Cependant, si cette personne reçoit durant cette période mille dollars par jour, elle se rapproche chaque jour du million, elle progresse. Aujourd’hui, elle possède davantage qu’hier. Pour elle, ces jours fileront.

Quelle est la différence entre ces deux cas ?

Dans le premier, cette période de cent jours est une attente pénible, des jours vides. Mais pour le second, chaque jour est une progression ; il a reçu quelque chose, il a construit. Chaque jour est une nouvelle brique de son bâtiment, chaque jour il s’enrichit. Il avance dans le temps, il n’attend pas que le temps passe !

Il en est de même pour Yaakov Avinou Pendant les sept années d’attente de son mariage à Ra’hel, il considérait chaque jour comme une brique.

Au cours de cette période, il construisit des fondations solides et essentielles pour être digne de devenir le père des Bneï Israël. C’est ainsi que ces années « furent à ses yeux comme quelques jours ».

Nous aussi, entre Pessa’h et Chavouot, sommes dans cette attente de recevoir la Torah. Si nous devions seulement attendre une date, alors nous aurions compté ainsi : 49, 48, 47… comme une personne qui attend que le temps passe.

Mais étant donné que ces jours sont des jours de préparation, de construction, nous allons avancer dans le temps et nous rapprocher du don de la Torah, sans attendre placidement la date de la fête de Chavouot.

La Séfirat Haômère représente 49 jours de construction de soi pour recevoir la Torah, 49 jours de progression, d’évolution. Nous devons être en mode de « mossif ve olekh /aller en augmentant », comme il est écrit par allusion dans la Torah : « אֵלֶּה תֹּלְדוֹת יַעֲקֹב יוֹסֵף /voici les générations de Yaakov, Yossef… » (Beréchit 37;2). Car le nom de Yossef rappelle la notion de « mossif »/augmenter. Cela nous apprend que l’héritage de Yaakov est de toujours aller de l’avant et pas d’attendre que le temps passe.

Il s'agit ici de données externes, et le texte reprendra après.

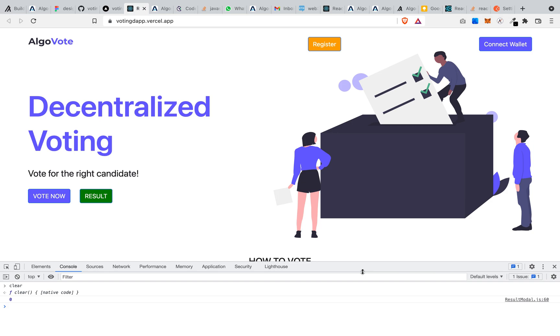So in this contract, before we dive into the demo, you need to understand that before you can vote, you need to have registered. After registering, you can cast your votes and then check the results on the blockchain.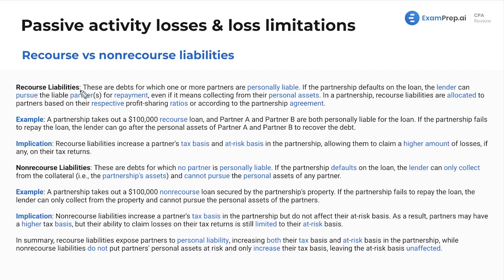First off, recourse liabilities. Simply put, these are debts to which the creditor can come after you personally. So if I put money into a partnership and then take out debt that is recourse, you can negotiate what type of debt it is. Recourse debt is more attractive to creditors because they can come after you personally. So if there's not enough money from the partnership going bankrupt to pay the loan, they can come after your personal house, your car, et cetera. So you are personally on the hook for this — it doesn't just end at the entity. These are debts for which one or more partners are personally liable.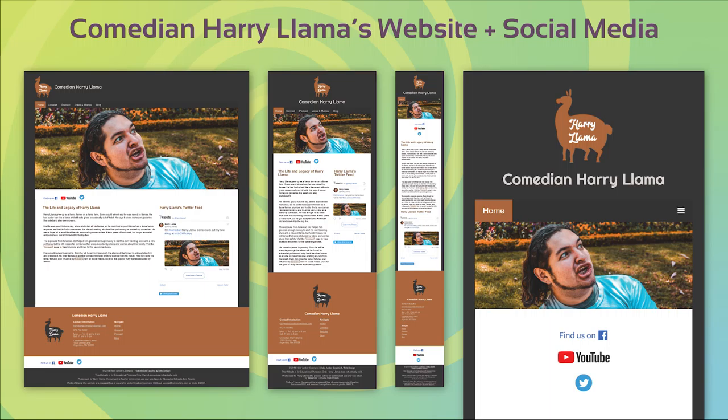Here is a website I designed and built for a comedian named Harry Lama. It uses grid functionality and several media queries to responsively adjust the layout based on the size of the browser window it's viewed with. On the right side of the screen you can see a picture of it with the hamburger menu, which gives it more functionality when viewed on a mobile device or with a very small browser window if the screen is too small to show the regular menu.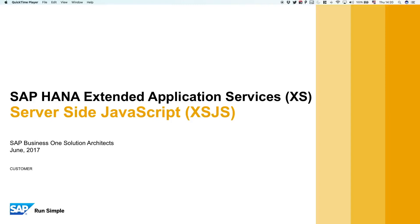It's time for us to build some services on SAP HANA, and to do that we're going to use server-side JavaScript, or in short, XSJS.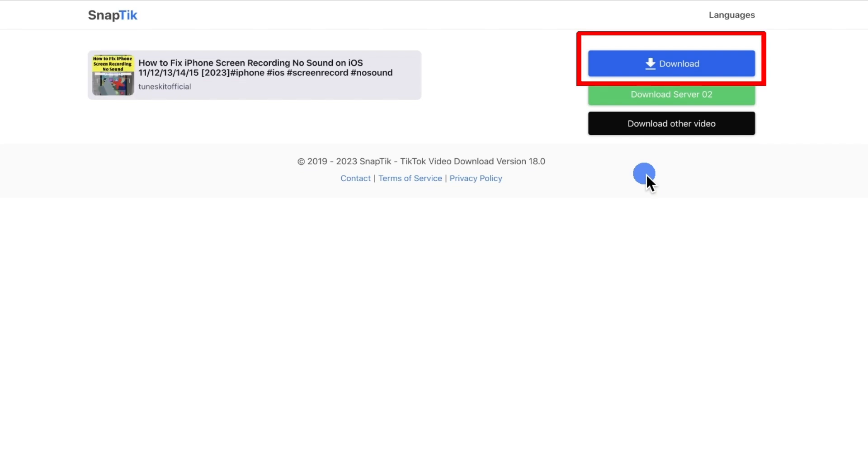It should be noted that some tools may offer the option of watermark or no watermark. I trust you can figure one out for yourself.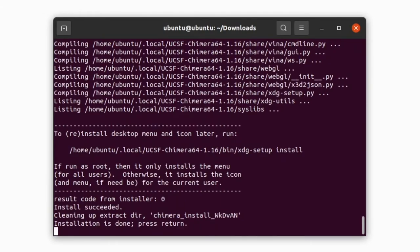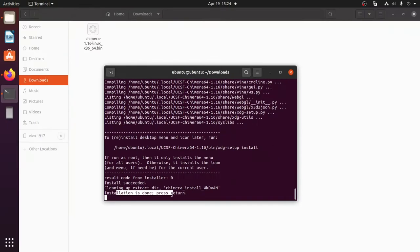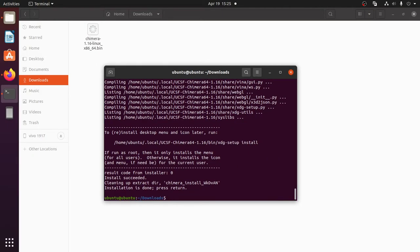Now the installation is successful. You can exit the terminal. Let's go to the desktop.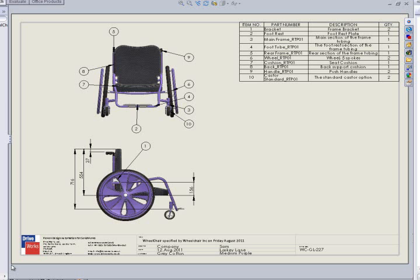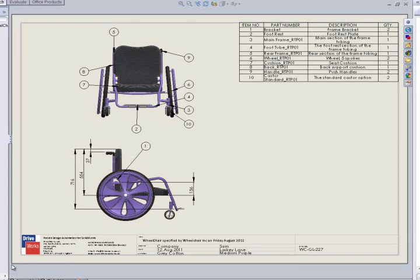On the first sheet, the annotations and dimensions have been driven to a position so that they are not overlapping. The balloons have also been driven, and the bill of materials has been populated with a quantity, description, part number, and item number.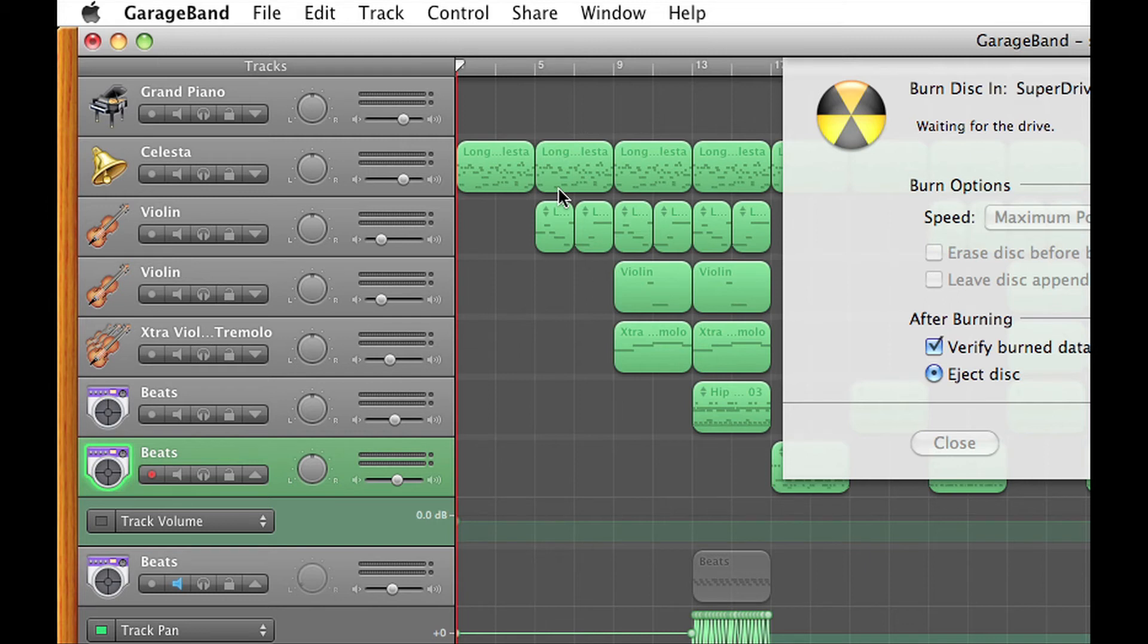So hey, that's a cool way to hurry up and burn your songs to a CD. Thanks for watching and don't forget to subscribe.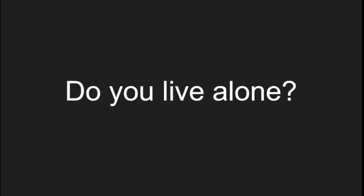Do you live alone? In Spanish, to create a question, we just add an interrogation mark. So, do you live alone? In Spanish is vives solo, vives solo.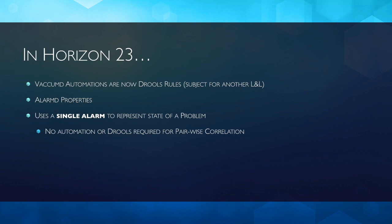There's also now been introduced some properties for Alarm D, where Alarm D had none before. We're using a single alarm to try to represent the state of a problem in the network. No automation or Drools required for the pairwise correlation.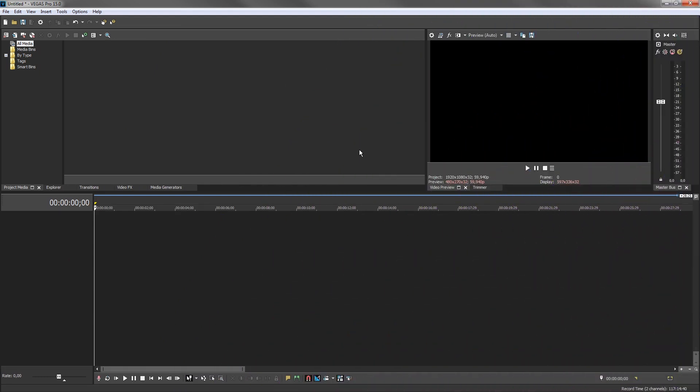Vegas Pro 15 gives you the ability to rearrange the workspace to fit your personal workflow. Feel free to experiment with different layouts with the assurance that you can always get back to the default layout at any time. You may discover several different layouts that work best for different tasks — for instance, different layouts for video editing, audio production, working with effects, and so forth. We'll learn how to create and save different layouts in a later tutorial.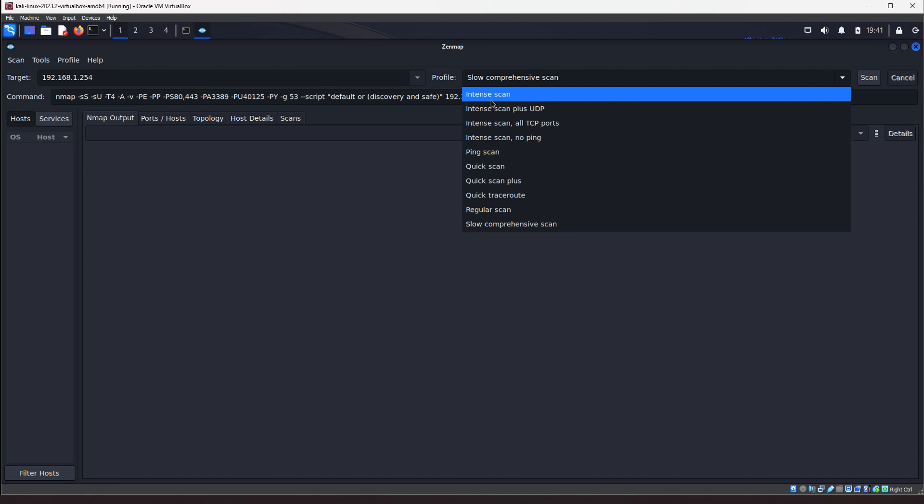And you can install this in Windows also if you are, if you're someone that likes to use Windows. You can go to Google ZenMap download for Windows, install it, and you click on the icon and start. Same thing. Yep, that's it. It's pretty much it about ZenMap.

D’ailleurs, les expressions françaises « tuer le temps » ou « un passe-temps » représentent nettement ce concept étranger au mode de vie des Bneï Israël. Car comme le disent nos sages : « אין אבידה כאבידת הזמן/il n’y a pas de perte comme celle du temps ».

Le Rav Nissim Yaguen Zatsal montre parfaitement ce concept. Il explique que la fête du don de la Torah porte le nom de Chavouot parce que Hakadoch Baroukh Hou donne la Torah à celui qui s’y est préparé. Celui qui ne se sera pas préparé ne recevra rien.

Chavouot est le nom de l’époque de préparation.

Par exemple, lorsqu’un étudiant reçoit son diplôme de médecine après sept ans d’études, on n’appelle pas cette cérémonie « la fête du diplôme ». Le diplôme en lui-même ne vaut rien, ce n’est qu’un bout de papier. Le diplôme montre qu’il a étudié durant sept ans et qu’il a réussi l’examen. Le diplôme prouve combien et comment il s’est préparé à devenir médecin.

La fête du don de la Torah porte le nom de « Chavouot » pour nous enseigner que celui qui mérite de recevoir la Torah est celui qui s’est construit et préparé, pendant cette période de Séfirat Haômère.